WORK TO BE COMPLETED:
This task calls for the lines below starting at the one containing "Gold ring with three petroleum quartz" and ending at the one containing "High voltage power", repeated exactly with both ends kept and pictures left out.

[[ DATA SECTION, beginning ]]

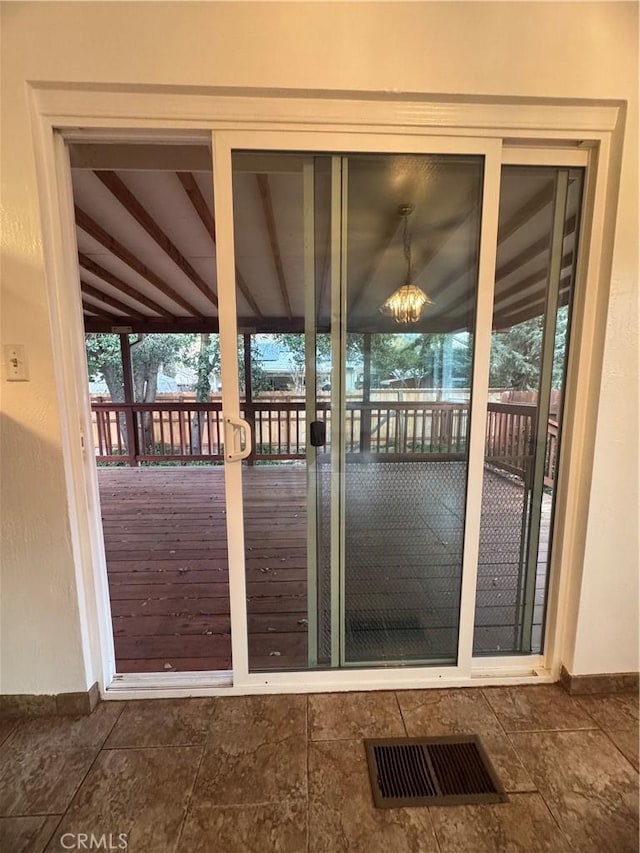 entryway with baseboards and visible vents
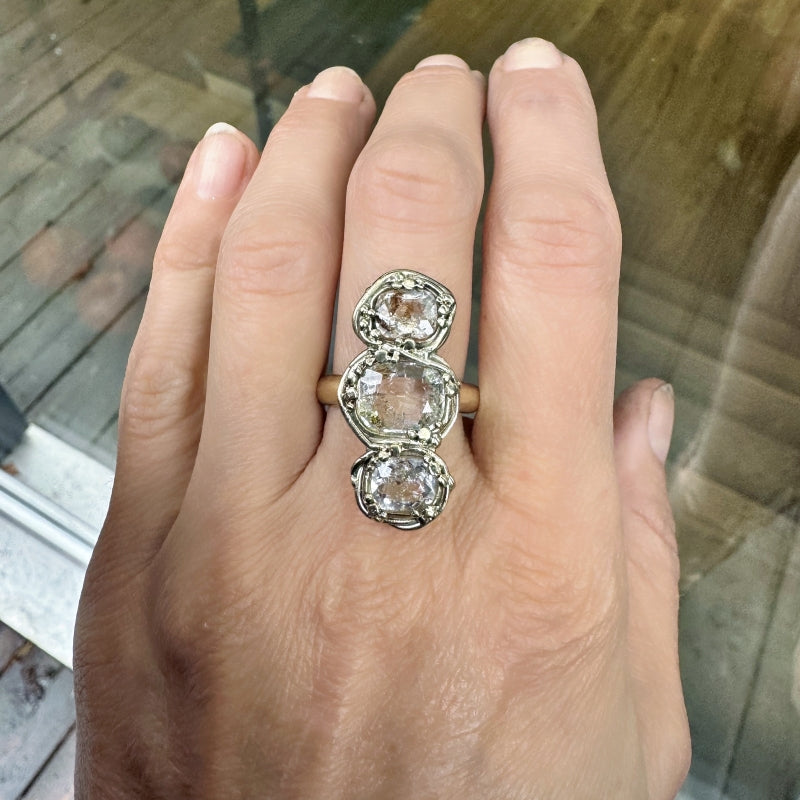 Gold ring with three petroleum quartz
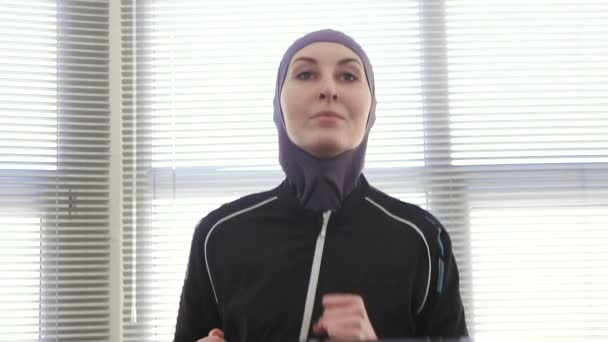 Female athlete in a hijab on a running simulator — Stock Video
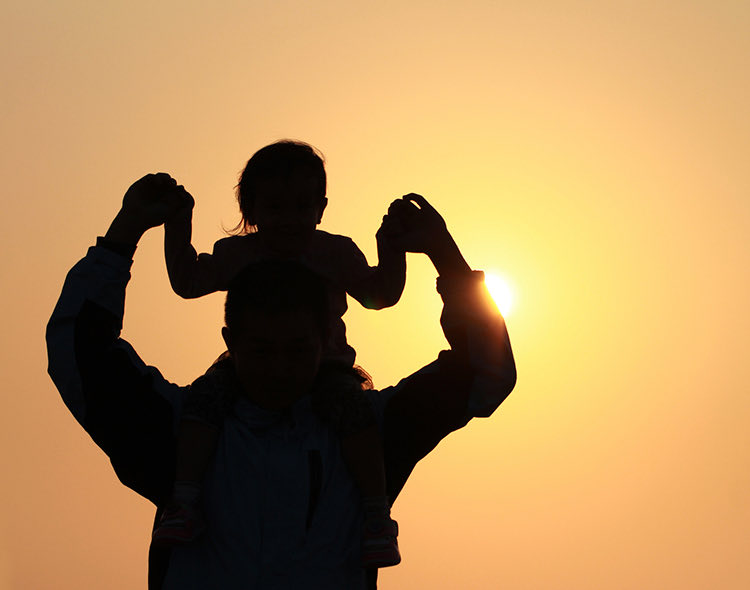 father holding child on shoulders during sunset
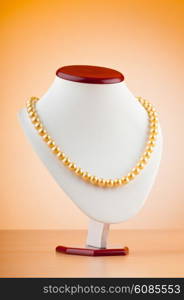 Pearl necklace against gradient background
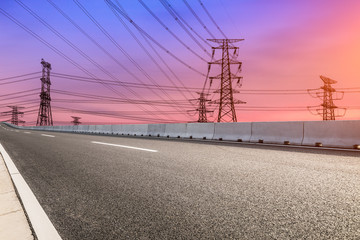 High voltage power tower and empty asphalt road at dusk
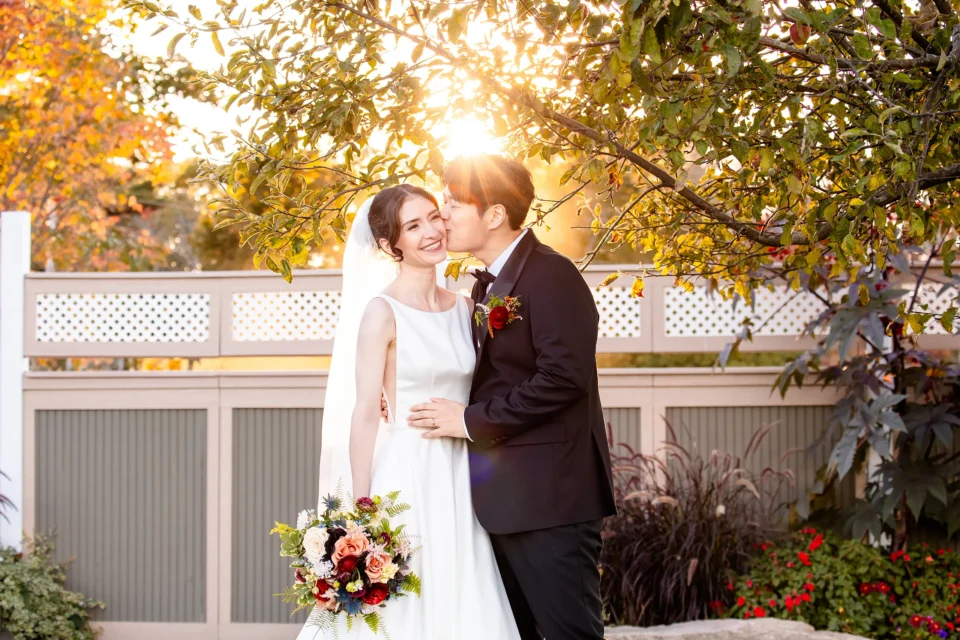 A bride smiles as a groom kisses her on the cheek as the sun shines behind them at the Bar Harbor Club near Acadia National Park in Maine.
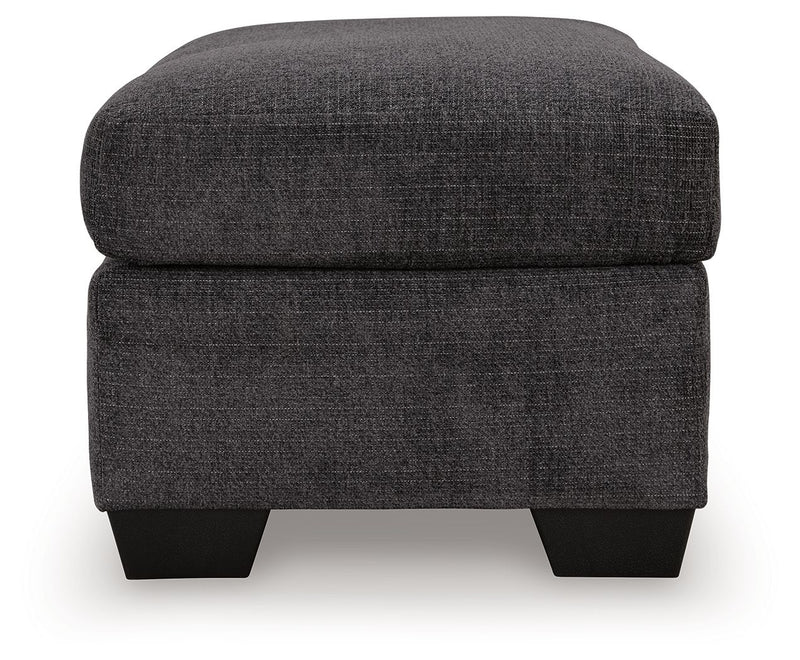 Upholstered Ottoman by Benchcraft® featuring a cushioned top and wooden legs, ideal for living room or lounge decor.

[[ DATA SECTION, end ]]

RESULT:
 Gold ring with three petroleum quartz
 Female athlete in a hijab on a running simulator — Stock Video
 father holding child on shoulders during sunset
 Pearl necklace against gradient background
 High voltage power tower and empty asphalt road at dusk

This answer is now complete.